Library Learning Objects UX Study (2019)
In March 2019, the UX Team explored students’ perceptions of library learning objects available through the Digital Learning Commons (DLC).
- What do students like/dislike about the objects?
- Are students using learning objects? Do they know where to find them?
- We conducted in-person surveys with 28 participants in the library. Participant responses were recorded by the researcher via Qualtrics, a survey software. We set up a table with a tablet/laptop and headphones. Participants were asked a few introductory questions and then they viewed one of four learning objects (2 videos, 2 handouts) and answered a series of questions related to the object
- We conducted two 15 minute modified focus groups with first year students in a UNIV 1200 course. The first year students were shown two learning object and then divided into two groups and asked to answer the same questions from the in-person survey
What did we Learn?
- Participants were generally happy with video production (visuals, audio), and the design of handouts (colorful, text chunked)

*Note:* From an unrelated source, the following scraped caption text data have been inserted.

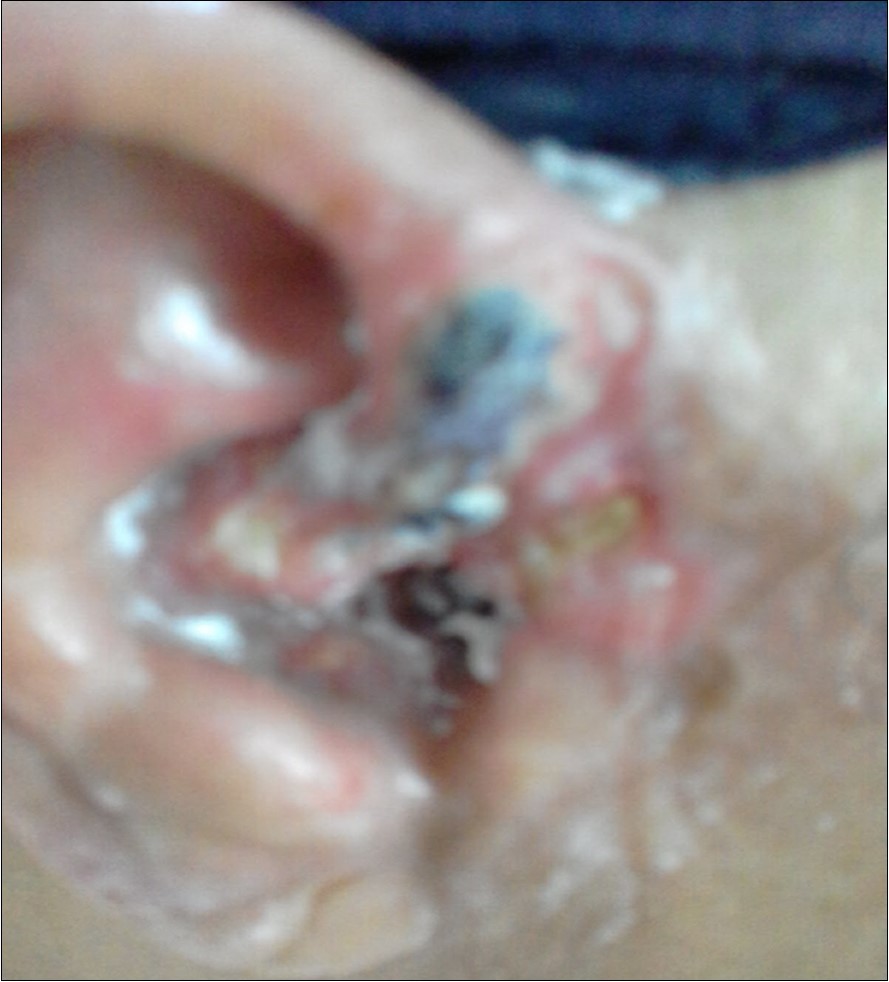 Right ear; Basal Cell Carcinoma (BCC) seen in the skin of ear and adjacent areas, sloughing of cancer cells seen after Bee Venom subcutaneous injection.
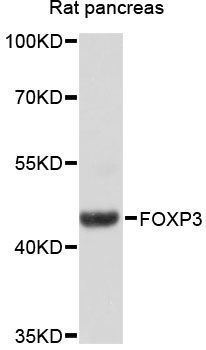 Western blot - FOXP3 Polyclonal Antibody (144-012051)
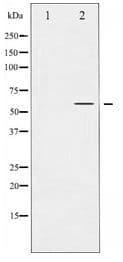 PPARG / PPAR Gamma Antibody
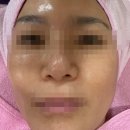 권내과의원 | 노원구 기미레이저 주근깨 잡티 관리하기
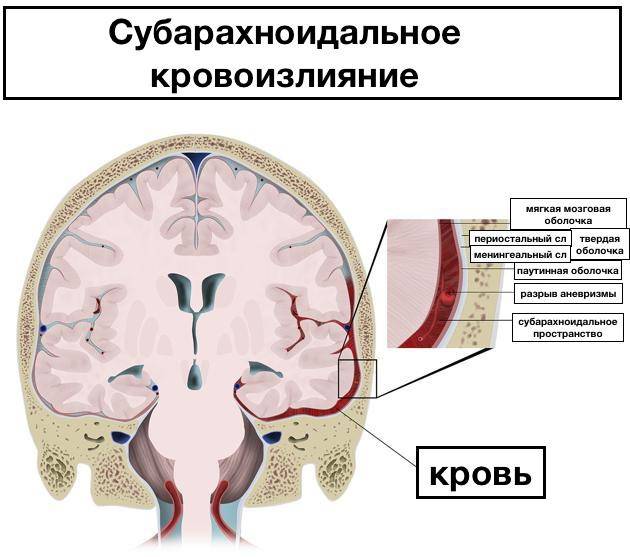 Кровоизлияние в желудочки головного мозга: причины, симптомы, диагностика и лечение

- Participants were critical of objects that took too long to get to the point
- Most participants thought that the content of the objects was too broad. One student commented that a video was too “common sense so not useful for me”.
- The tone of the learning objects (both videos and handouts) was an issue for students. They felt the videos were patronizing and “babying” at times
- Although participants are not discerning of where a learning object (or other supplementary learning materials) come from, they are seeking out an authoritative/expert voice
- Students were unaware that the library created learning objects, and they also aren’t seeking out objects that are explicitly created by the library
Questions the UX Team was Left with:
Why would a student seek out library learning objects created by the University of Guelph?
How do we make sure content is specific enough (not too broad) to be relevant?
Is findability a priority? If so, how can we funnel students to DLC content?
How can we make sure that our content does not seem patronizing to students?
Where does the DLC fit into the Learning Commons and our physical space, more broadly?